There is no formula in bridal shower etiquette that will give you a blueprint on venue, who to invite and how much to spend. This is entirely up to families involved, circumstance, time and also finances.
Depending on the circumstances the shower can be held in a family home, a restaurant, a hotel or even a convention center. This is a family decision.
If the family wants a very elaborate affair, then they need to assist the maid or matron of honor and also finance the function.
Showers should be fun, but they are most successful and enjoyable when they are planned with consideration and common sense.
If you hold the shower in a public place, you may wish to limit the more intimate gifts. Showing them around in a public place might embarrass the bride or other guests.

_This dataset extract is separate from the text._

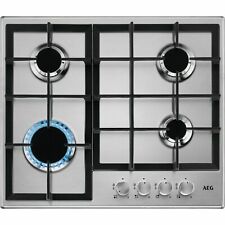 Aeg hg654351sm 60cm for sale  BIRMINGHAM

When is the right time to hold the bridal shower?
In traditional etiquette the shower should be a surprise and scheduled at least two weeks before the wedding ceremony.
This is not a hard and fast rule as in modern times the shower is held when it is convenient for all parties involved.
Because there can be several showers plus a Bachelorette party it will need to be spread over a reasonable time or the bride just won't be able to cope!
Bridal Shower Thank You cards
It is good etiquette generally to write a thank you card for each gift given at each event; Bridal shower, Engagement party, Bachelorette party, etc.
The cards should be sent soon after the gift is received.
This means you may be sending thank you notes before your wedding date.
Whatever the size of your wedding, always order a lot more thank you cards than you think you will need.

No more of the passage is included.